- GOAL OF THE EXERCISE
The required output is the exact run of lines in the listing below from the line holding "Classic Bicycle Kids" through the line holding "Verbatim DVD+R DL, Double", with no pictures.

** Opening EXERCISE MATERIAL block **

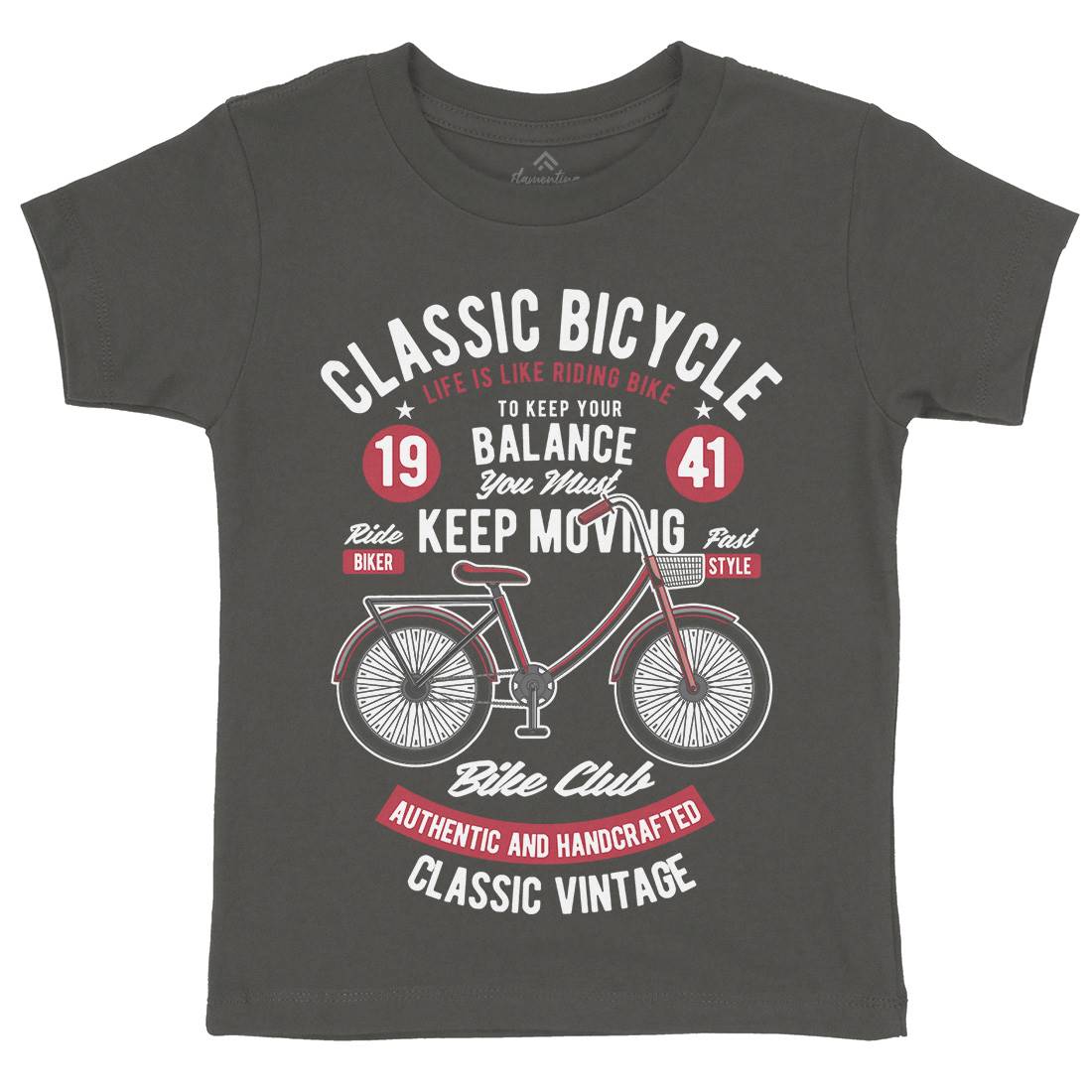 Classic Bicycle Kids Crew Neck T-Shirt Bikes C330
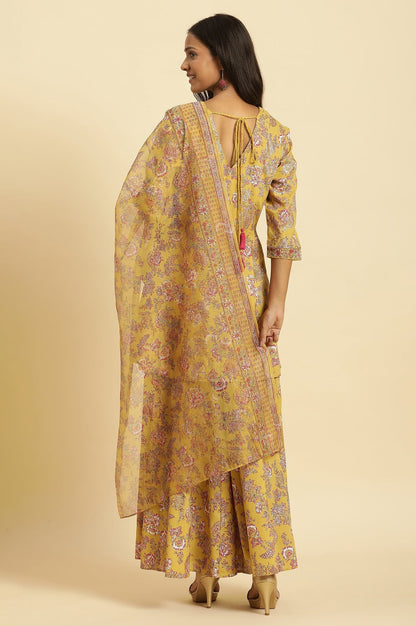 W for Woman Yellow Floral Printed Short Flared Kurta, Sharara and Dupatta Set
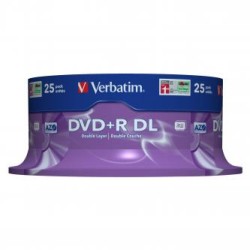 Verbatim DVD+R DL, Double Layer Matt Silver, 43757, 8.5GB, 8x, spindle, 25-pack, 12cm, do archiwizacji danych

** Closing EXERCISE MATERIAL block **
** Opening EXERCISE MATERIAL block **

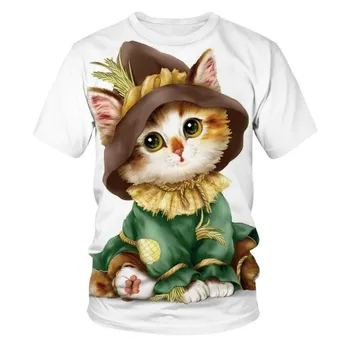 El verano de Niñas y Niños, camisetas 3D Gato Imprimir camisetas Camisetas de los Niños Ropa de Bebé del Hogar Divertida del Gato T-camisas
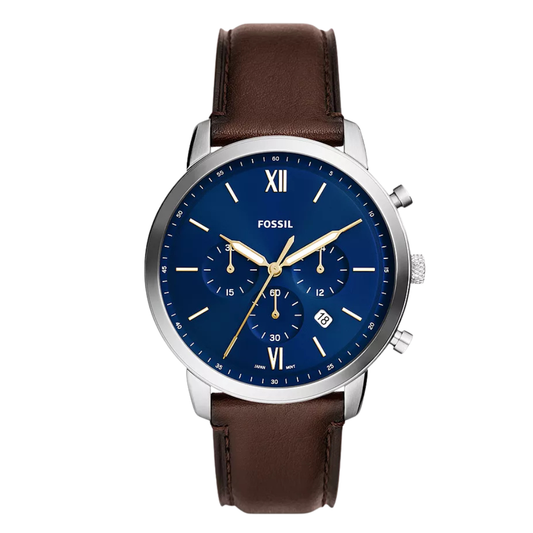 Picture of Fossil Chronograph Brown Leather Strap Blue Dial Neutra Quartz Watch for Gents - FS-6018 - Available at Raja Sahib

** Closing EXERCISE MATERIAL block **
** Opening EXERCISE MATERIAL block **

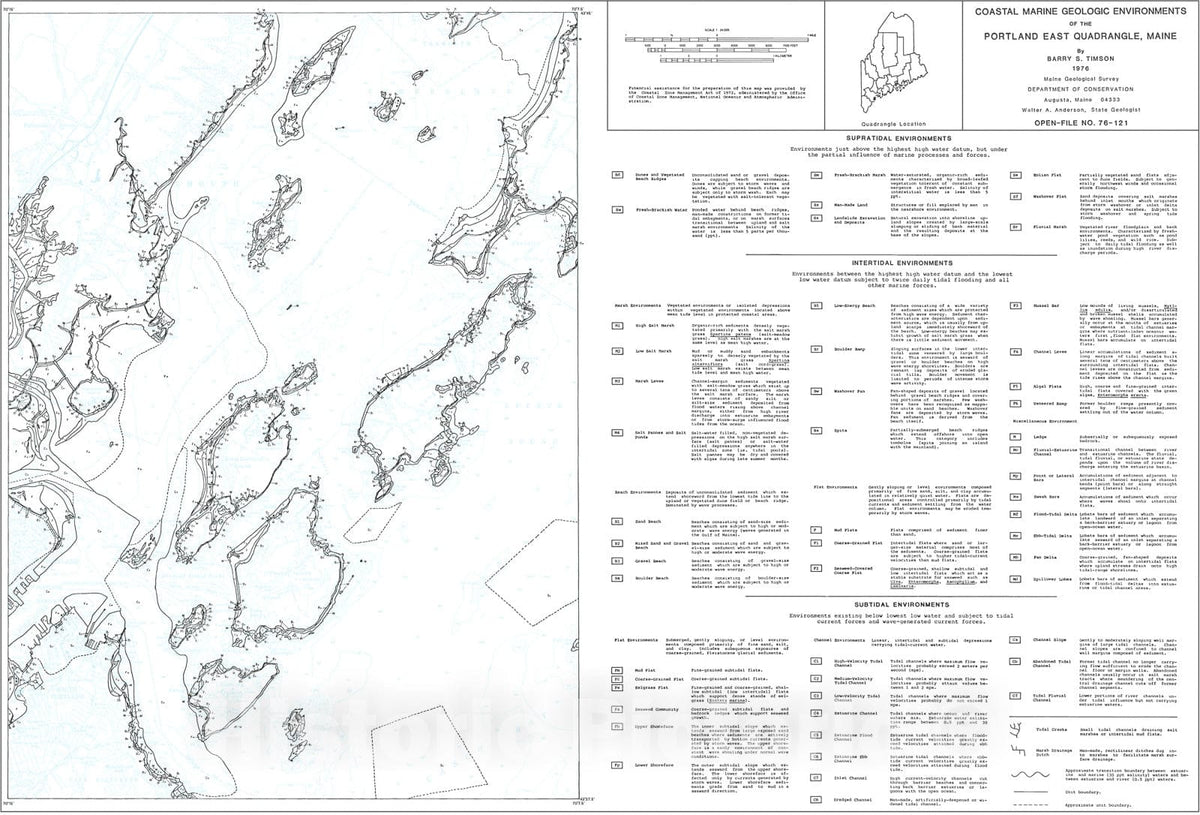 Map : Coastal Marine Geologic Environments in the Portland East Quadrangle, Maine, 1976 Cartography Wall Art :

** Closing EXERCISE MATERIAL block **

- TASK RESULT
 Classic Bicycle Kids Crew Neck T-Shirt Bikes C330
 W for Woman Yellow Floral Printed Short Flared Kurta, Sharara and Dupatta Set
 Verbatim DVD+R DL, Double Layer Matt Silver, 43757, 8.5GB, 8x, spindle, 25-pack, 12cm, do archiwizacji danych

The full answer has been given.